James DeGregori received a B.A. in Microbiology from the University of Texas at Austin in 1987 and a Ph.D. in Biology from the Massachusetts Institute of Technology in Cambridge in 1993 (under the mentorship of Dr. Earl Ruley). From 1993 to 1997, as a postdoctoral fellow in the lab of Dr. Joe Nevins at Duke University Medical Center he studied how the E2F transcription factor family controls transcription and cell fate decisions. Since 1997 he has been a faculty member in the Department of Biochemistry and Molecular Genetics at the University of Colorado School of Medicine.
Studies to better understand the conditions that foster the initiation of leukemias and lymphomas are currently a major thrust of the lab. These are malignancies of the white blood cells, which can occur at any stage of life, from infancy to old age. The DeGregori lab has developed an evolutionary based model for cancer development, called Adaptive Oncogenesis. The lab is currently exploring how reduced stem cell fitness resulting from carcinogen exposure, irradiation, inadequate diet or aging can select for adaptive cancer-causing mutations and thereby promote cancer. Other studies in the lab are geared towards the development of novel therapeutic strategies to treat leukemias and non-small lung cancers. The lab performs genome-wide screens to identify genes whose inhibition will synergize with current targeted therapeutics to eliminate cancer cells. These studies could lead to discovery of novel combination therapies that will more effectively treat or possibly even cure common malignancies.
News: 18 May 2010 DeGregori appointed as UCCC Molecular Oncology Program Co-Leader
Dr. James DeGregori (Molecular Biology/SOM Biochemistry & Molecular Genetics) has been appointed by the University of Colorado Cancer Center Associate Directors as co-leader of the Molecular Oncology Program.
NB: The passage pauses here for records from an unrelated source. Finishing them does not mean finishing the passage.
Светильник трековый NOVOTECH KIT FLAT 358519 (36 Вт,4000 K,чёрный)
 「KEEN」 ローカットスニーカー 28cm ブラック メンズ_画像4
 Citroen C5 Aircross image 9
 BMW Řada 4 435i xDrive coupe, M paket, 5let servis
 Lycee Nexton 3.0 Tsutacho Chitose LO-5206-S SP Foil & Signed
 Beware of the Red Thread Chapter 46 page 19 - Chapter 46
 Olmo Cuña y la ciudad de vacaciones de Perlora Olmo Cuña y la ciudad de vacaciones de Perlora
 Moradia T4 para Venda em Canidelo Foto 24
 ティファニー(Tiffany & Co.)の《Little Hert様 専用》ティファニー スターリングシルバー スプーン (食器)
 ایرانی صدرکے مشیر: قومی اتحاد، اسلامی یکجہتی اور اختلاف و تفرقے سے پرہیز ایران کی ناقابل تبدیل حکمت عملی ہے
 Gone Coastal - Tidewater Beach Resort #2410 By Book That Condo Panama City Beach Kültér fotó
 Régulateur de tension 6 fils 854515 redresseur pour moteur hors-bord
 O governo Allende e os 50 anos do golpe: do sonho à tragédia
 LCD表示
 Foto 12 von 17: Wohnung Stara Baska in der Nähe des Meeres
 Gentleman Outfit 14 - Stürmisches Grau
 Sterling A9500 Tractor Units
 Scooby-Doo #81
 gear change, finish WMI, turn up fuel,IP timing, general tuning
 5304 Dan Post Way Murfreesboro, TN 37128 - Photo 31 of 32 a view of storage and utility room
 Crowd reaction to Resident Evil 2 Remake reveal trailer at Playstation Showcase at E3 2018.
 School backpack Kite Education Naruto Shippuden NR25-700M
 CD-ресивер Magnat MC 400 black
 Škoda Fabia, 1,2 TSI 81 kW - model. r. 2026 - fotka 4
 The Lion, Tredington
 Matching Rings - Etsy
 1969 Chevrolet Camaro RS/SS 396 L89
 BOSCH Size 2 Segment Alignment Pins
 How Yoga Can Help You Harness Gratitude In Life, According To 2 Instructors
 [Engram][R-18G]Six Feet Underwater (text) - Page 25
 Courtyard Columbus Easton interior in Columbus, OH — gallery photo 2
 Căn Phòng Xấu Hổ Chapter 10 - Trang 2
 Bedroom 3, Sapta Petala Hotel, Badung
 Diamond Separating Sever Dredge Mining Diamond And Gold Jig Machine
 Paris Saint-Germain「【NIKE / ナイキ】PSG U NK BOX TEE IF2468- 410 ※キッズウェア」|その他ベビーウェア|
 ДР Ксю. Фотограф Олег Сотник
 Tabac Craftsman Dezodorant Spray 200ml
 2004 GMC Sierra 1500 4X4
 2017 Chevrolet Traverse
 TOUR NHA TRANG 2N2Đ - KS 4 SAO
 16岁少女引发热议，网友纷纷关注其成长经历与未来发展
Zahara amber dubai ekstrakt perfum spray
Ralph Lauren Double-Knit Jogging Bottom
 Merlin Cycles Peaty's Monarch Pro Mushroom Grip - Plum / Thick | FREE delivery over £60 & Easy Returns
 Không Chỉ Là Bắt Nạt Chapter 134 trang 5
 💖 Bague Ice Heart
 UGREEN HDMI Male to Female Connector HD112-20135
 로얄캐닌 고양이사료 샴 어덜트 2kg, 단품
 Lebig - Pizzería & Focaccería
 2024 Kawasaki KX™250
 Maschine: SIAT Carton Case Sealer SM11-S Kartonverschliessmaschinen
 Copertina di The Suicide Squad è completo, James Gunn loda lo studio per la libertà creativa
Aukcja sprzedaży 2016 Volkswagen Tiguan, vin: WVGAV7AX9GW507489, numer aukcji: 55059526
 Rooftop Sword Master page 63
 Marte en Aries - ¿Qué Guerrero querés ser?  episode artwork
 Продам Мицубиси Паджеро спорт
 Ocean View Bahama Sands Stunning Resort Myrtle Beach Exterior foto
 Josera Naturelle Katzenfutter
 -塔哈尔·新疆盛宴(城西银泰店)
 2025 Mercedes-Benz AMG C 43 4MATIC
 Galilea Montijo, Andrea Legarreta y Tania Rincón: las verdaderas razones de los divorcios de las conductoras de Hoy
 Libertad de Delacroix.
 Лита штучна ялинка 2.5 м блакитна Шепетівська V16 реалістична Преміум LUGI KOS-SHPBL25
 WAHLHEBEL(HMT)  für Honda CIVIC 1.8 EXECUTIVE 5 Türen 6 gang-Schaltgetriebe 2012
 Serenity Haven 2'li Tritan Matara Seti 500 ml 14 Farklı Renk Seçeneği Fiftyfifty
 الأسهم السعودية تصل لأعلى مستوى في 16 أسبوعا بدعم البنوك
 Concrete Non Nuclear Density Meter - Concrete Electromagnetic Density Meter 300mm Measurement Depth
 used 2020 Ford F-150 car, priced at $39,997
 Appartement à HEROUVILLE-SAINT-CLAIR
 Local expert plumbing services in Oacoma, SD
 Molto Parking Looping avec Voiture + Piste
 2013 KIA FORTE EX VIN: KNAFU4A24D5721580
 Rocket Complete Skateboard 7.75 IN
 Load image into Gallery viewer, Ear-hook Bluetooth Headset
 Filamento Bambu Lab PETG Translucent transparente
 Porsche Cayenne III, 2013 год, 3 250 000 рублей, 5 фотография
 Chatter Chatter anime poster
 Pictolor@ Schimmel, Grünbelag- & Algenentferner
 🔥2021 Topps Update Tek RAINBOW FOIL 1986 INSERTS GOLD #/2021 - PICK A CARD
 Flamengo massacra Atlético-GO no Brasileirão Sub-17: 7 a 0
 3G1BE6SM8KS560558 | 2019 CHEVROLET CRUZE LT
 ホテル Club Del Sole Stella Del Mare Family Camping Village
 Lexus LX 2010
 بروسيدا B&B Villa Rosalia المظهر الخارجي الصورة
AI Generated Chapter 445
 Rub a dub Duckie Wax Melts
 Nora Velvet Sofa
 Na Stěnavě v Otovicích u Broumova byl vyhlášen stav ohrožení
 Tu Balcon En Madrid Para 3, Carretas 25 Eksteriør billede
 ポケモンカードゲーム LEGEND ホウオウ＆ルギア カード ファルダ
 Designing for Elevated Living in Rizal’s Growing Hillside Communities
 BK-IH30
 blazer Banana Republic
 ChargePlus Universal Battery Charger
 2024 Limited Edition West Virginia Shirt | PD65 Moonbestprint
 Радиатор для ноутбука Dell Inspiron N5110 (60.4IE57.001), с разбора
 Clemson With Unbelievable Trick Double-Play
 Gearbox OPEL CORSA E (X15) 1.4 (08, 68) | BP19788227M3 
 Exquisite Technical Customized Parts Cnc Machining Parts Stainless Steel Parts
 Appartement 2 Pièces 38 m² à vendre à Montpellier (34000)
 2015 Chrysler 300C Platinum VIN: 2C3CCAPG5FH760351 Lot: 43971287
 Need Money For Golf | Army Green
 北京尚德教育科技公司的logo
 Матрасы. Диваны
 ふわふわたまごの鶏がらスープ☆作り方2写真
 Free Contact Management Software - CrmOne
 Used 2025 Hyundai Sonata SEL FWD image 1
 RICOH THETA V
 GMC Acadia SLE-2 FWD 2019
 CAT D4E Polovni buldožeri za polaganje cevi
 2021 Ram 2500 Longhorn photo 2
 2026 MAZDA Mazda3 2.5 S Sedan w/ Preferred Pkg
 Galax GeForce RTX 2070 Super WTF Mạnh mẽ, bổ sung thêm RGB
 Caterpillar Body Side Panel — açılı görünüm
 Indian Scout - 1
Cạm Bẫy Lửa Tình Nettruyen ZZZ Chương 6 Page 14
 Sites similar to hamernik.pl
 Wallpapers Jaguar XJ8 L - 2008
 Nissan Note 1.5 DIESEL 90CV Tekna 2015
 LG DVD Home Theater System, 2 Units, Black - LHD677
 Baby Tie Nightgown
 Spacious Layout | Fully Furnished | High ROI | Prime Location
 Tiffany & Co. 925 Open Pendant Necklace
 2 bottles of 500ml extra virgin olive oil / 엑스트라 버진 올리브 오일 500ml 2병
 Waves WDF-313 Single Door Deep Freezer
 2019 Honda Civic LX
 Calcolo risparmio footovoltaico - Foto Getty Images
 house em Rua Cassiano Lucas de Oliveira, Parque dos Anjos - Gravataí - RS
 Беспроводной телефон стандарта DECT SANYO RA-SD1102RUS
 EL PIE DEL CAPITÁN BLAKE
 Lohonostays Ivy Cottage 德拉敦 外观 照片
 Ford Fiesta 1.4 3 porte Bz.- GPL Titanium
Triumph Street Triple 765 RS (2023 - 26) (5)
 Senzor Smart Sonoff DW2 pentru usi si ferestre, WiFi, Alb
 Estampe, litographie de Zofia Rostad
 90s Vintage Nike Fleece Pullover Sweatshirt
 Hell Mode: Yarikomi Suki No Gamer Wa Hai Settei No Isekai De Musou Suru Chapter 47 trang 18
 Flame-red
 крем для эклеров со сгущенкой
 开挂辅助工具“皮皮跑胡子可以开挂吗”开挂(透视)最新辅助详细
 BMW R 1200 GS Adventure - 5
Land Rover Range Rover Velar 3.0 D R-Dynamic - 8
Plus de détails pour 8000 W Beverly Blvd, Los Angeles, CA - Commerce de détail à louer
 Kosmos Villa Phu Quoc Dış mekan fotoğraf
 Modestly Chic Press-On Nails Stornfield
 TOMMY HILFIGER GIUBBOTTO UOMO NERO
DeGregori, who has been a full member of UCCC since 1997, will lead UCCC’s most basic program with Dr. Joaquin Espinosa (Molecular Oncology/CU-Boulder Molecular, Cellular & Developmental Biology).
DeGregori’s research focuses on how leukeumias and lymphomas are initiated and new treatments for these common blood cancers. He received his PhD from MIT, and is professor of biochemistry and molecular genetics at the University of Colorado School of Medicine.